Roon Rock or Roon Core for old PC

I’m currently running roon core on an old Dell laptop and the only complaint I have is that it’s slow. I’m building a new pc and want to put my old components (intel 5930k and nvidia 1080) into a fractal north case. I’ll be using a usb connection to my dac because the wireless in my house isn’t that good, and will get a ddc in the near future. I’m not sure if I should set it up as a rock or a core though and am would like some advice.

@Anthony_Maisano, welcome to the Community. A fellow user here, but a Roon Core can be a Windows 10/11 PC, MacOS or Linux, or a RoonOS device, using the all-in-one Nucleus or Nucleus Plus from Roon directly, or a ROCK implementation using Intel’s NUC system.
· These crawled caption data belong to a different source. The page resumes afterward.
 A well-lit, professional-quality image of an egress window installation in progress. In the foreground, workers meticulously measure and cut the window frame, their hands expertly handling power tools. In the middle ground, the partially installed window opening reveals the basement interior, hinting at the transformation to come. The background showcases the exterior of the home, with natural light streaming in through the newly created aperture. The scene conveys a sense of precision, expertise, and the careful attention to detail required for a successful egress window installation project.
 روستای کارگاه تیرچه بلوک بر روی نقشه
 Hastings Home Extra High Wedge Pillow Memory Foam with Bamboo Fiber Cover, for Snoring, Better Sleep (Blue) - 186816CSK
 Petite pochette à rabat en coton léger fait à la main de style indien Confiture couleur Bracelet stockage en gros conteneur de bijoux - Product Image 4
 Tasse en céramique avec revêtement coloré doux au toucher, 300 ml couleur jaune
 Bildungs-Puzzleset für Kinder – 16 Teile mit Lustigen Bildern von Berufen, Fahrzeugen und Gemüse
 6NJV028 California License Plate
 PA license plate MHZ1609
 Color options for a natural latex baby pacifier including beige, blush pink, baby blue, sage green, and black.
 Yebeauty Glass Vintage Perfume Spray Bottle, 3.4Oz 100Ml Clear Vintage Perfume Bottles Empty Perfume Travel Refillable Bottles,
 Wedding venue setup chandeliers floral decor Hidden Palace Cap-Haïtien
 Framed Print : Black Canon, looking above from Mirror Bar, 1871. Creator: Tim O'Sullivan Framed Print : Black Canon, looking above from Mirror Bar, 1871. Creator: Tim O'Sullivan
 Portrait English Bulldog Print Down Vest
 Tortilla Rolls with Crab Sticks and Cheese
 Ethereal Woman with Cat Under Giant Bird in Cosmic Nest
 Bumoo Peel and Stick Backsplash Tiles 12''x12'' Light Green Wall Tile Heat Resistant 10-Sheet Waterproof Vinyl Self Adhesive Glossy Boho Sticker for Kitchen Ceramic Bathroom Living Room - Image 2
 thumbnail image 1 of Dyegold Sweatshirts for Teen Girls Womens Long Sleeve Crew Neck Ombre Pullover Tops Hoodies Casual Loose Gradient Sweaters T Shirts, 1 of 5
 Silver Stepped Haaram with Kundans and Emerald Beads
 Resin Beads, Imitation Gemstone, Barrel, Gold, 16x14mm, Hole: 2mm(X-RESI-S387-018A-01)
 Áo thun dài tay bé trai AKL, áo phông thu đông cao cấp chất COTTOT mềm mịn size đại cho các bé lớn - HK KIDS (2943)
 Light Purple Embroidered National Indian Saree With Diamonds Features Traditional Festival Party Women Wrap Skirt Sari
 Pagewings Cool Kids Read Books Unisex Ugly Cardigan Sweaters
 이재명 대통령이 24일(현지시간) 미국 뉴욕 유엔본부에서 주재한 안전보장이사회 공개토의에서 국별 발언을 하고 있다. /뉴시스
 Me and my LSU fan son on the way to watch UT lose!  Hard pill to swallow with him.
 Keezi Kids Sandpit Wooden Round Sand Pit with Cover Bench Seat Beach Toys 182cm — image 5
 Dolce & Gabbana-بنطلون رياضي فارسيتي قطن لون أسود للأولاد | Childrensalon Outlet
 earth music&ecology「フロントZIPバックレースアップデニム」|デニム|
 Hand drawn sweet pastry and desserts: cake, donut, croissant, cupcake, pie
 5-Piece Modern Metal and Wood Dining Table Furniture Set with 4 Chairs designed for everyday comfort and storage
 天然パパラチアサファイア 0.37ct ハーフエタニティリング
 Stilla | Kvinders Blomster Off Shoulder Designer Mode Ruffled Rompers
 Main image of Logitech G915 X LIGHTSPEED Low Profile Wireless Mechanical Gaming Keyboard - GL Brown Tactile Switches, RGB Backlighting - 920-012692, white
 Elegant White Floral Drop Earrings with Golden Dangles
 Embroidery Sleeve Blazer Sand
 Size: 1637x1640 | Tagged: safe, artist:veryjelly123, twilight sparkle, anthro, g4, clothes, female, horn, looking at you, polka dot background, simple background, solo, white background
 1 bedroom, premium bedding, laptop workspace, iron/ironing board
Supported NUCs from Roon are:

Intel NUCs are very specific configurations manufactured by Intel, and they are not designed to be DIY-assembled from different components.

Since you have an i7 CPU and a good NVIDIA-supported graphics card, it may be best to run your Core on either Windows 10 or 11 or by using Linux.

ROCK is locked down, you cannot load drivers, and only contains the drivers for the hardware of the specified Intel NUCs.

A 1080 is useless in a ROCK PC since there is no GUI, or even a command line interface.

I installed ROCK on a 10 year old i3 based PC with an SSD - worked fine with my 30k library

Since you (apparently) have nothing to lose and IMO it’s quite an interesting mini project, give it a go

I swapped back to using my Nucleus as the SQ overall was slightly better and the Nucleus is a far smaller overall package

If you use ROCK it will occupy the entire SSD it is put on. If that is OK try it.

Thanks, I’ll give it a go. I can always reformat and go to roon core if I have to. It will probably be a couple of months before I get around to it but I’ll post results and hopefully some pics in the forum once I do. I originally wanted to go with a small mini pc but anything with decent specs was more than I wanted to spend. I chose the fractal north case because it looks like furniture and would go nicely with the rest of my system.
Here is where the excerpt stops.